Material for the task Start Marker

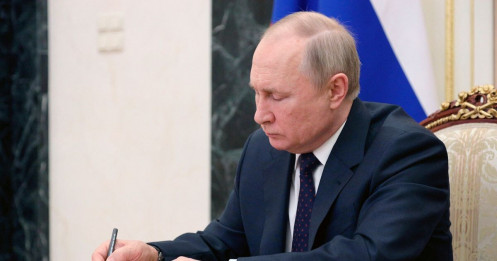 Tổng thống Putin ký luật tạo điều kiện cho các ngân hàng bán vàng cho dân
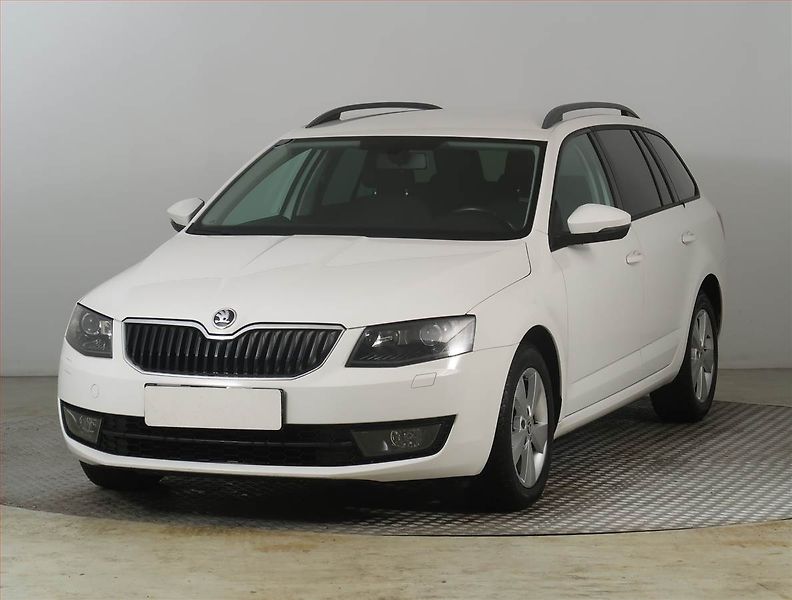 Škoda Octavia (2015) 1.6 TDI, Xenony, Tempomat - fotka 2 z 22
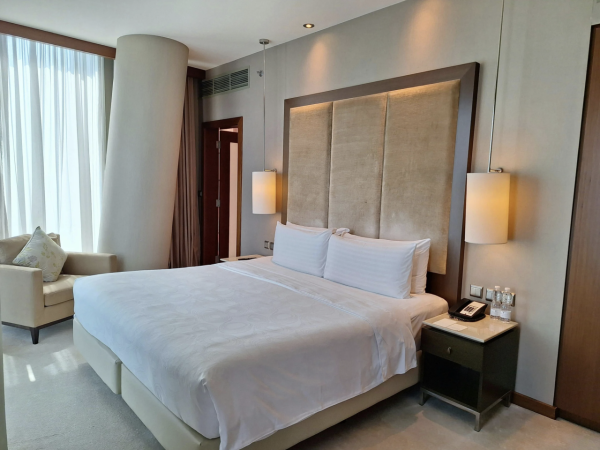 用酒店熱水壺煮底褲灼動物生肉 網民崩潰如飲屍水 員工爆3大暗黑用途 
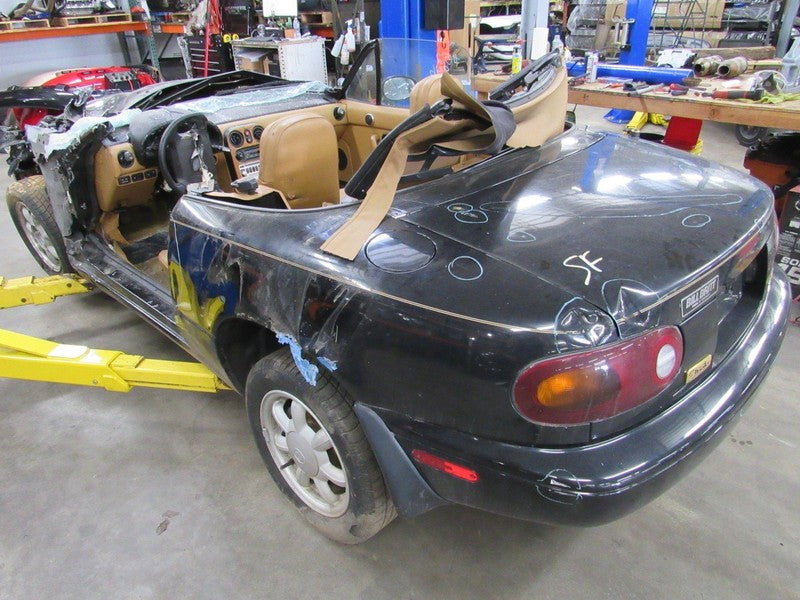 90-93 Mazda Miata MX-5 NA Fuel Tank Door Gas Filler Lid Brilliant Blac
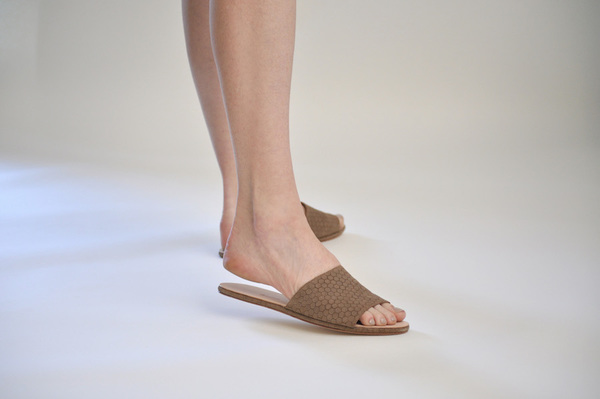 The Palatines Caelum slide sandal - bark hex leather The Palatines Caelum slide sandal - bark hex leather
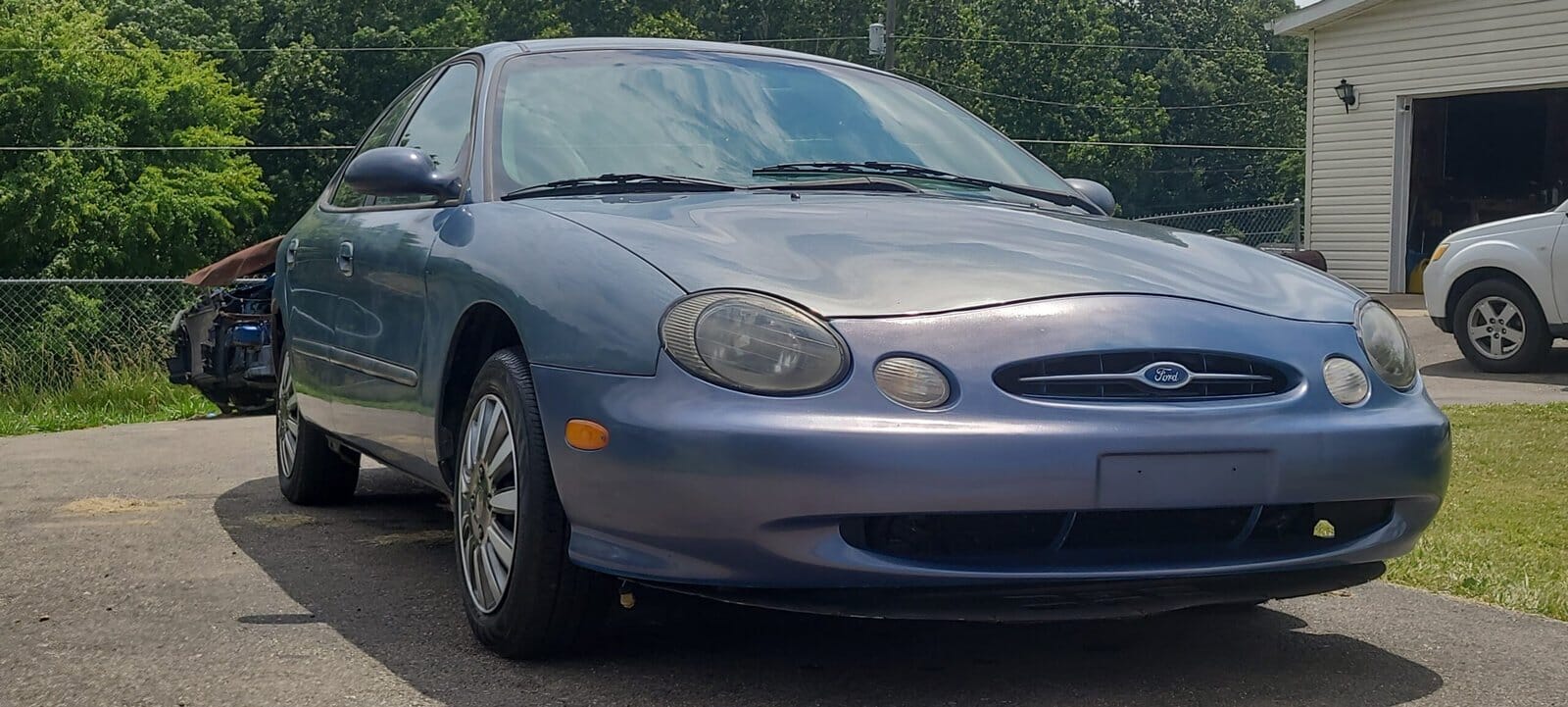 Read more about the article ***SOLD***1999 Ford Taurus SE***SOLD***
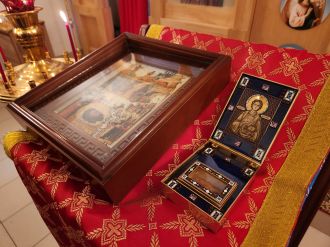 В храмовый корпус св.Луки (Войно-Ясенецкого) и Врачей Безмездников привезли мощи вмч. целителя Пантелеимона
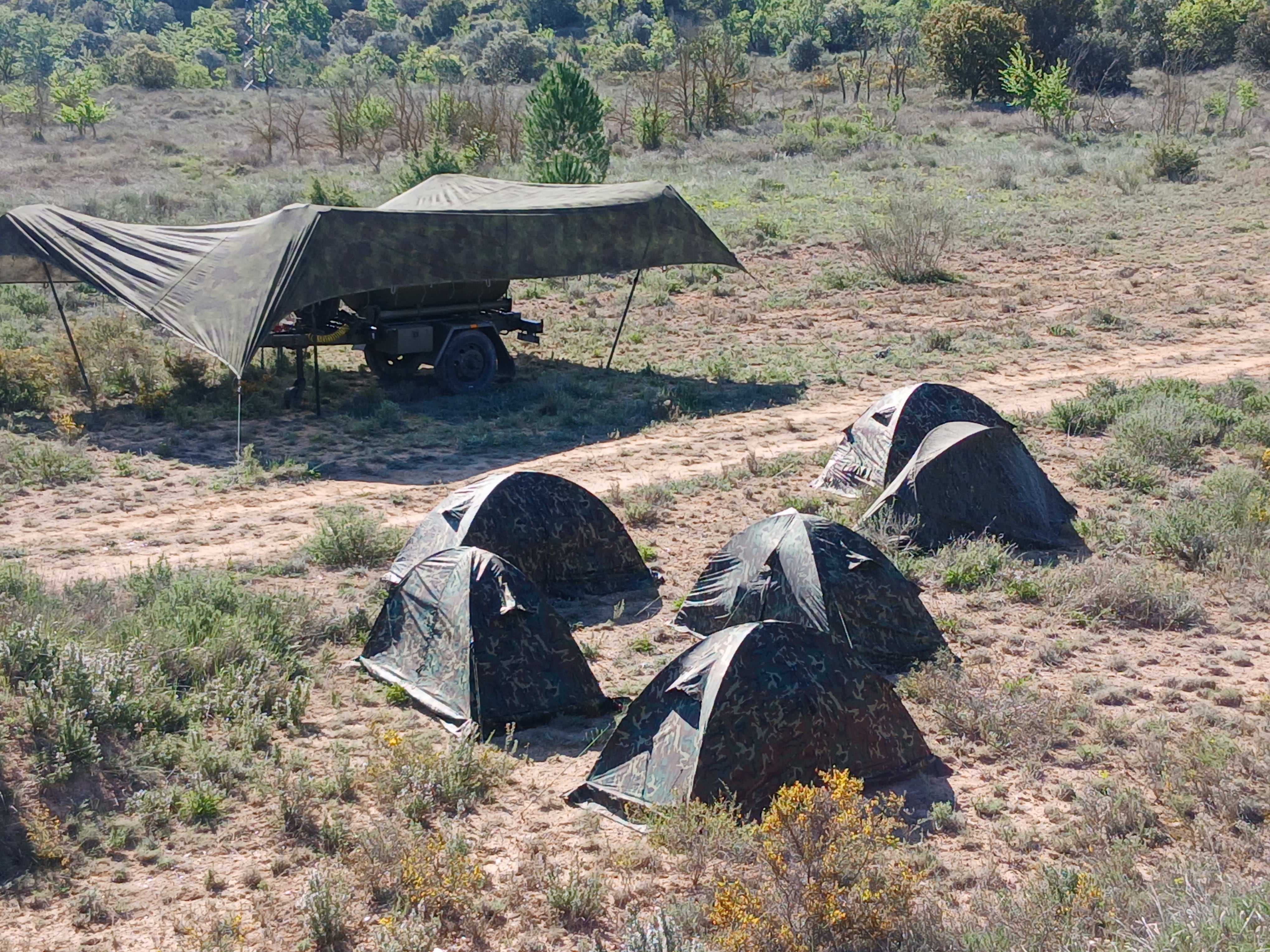 Ejercicio militar en Las Baldorrias en Barbastro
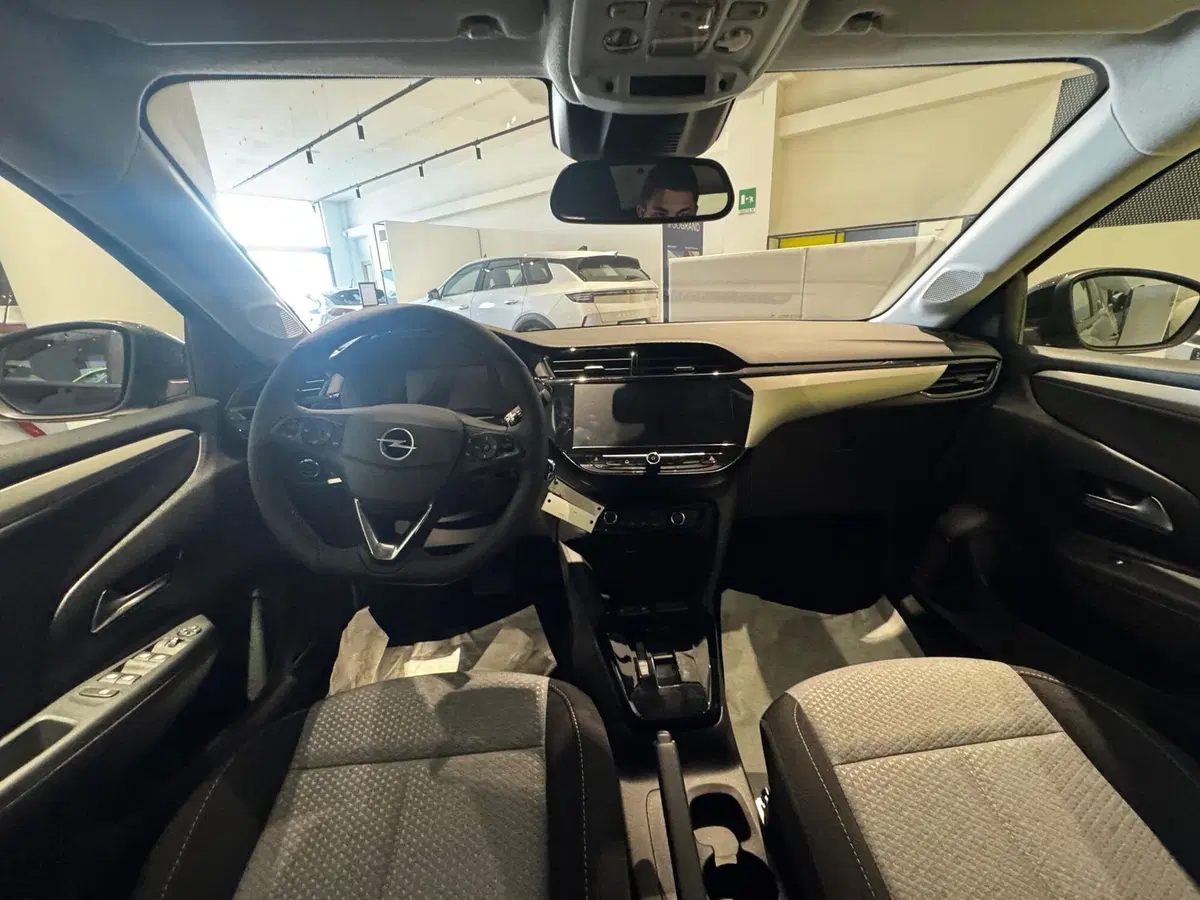 Opel Corsa nuova a Frosinone (9)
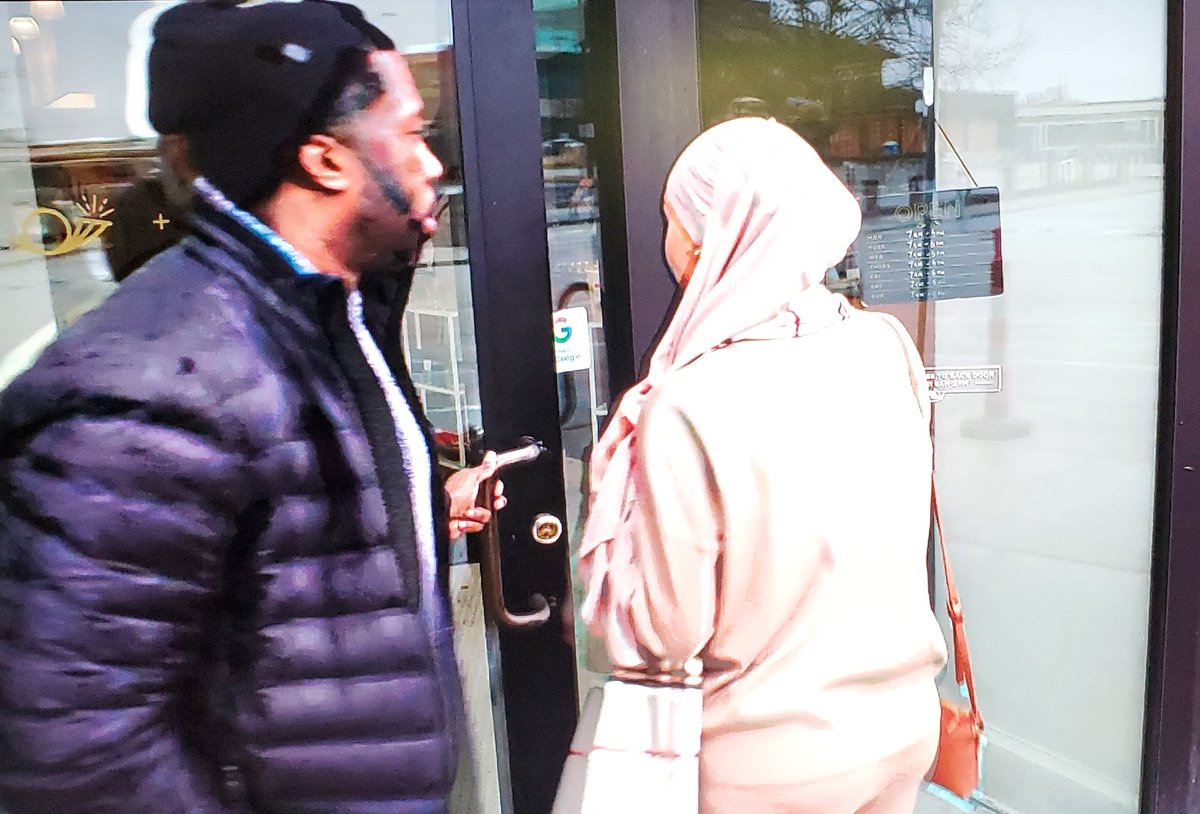 CallingInSickTV's tweet photo. Bilal looks like that homeless guy who opens the door for you at a coffee shop and then asks you to spare some change
#90DayFiance
#90DayFianceHappilyEverAfter https://t.co/HzeNIurlf5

Material for the task End Marker

What you will do: Set down the entries shown above once more, exactly as they read, but without pictures.

Response below:
 Tổng thống Putin ký luật tạo điều kiện cho các ngân hàng bán vàng cho dân
 Škoda Octavia (2015) 1.6 TDI, Xenony, Tempomat - fotka 2 z 22
 用酒店熱水壺煮底褲灼動物生肉 網民崩潰如飲屍水 員工爆3大暗黑用途 
 90-93 Mazda Miata MX-5 NA Fuel Tank Door Gas Filler Lid Brilliant Blac
 The Palatines Caelum slide sandal - bark hex leather The Palatines Caelum slide sandal - bark hex leather
 Read more about the article ***SOLD***1999 Ford Taurus SE***SOLD***
 В храмовый корпус св.Луки (Войно-Ясенецкого) и Врачей Безмездников привезли мощи вмч. целителя Пантелеимона
 Ejercicio militar en Las Baldorrias en Barbastro
 Opel Corsa nuova a Frosinone (9)
 CallingInSickTV's tweet photo. Bilal looks like that homeless guy who opens the door for you at a coffee shop and then asks you to spare some change
#90DayFiance
#90DayFianceHappilyEverAfter https://t.co/HzeNIurlf5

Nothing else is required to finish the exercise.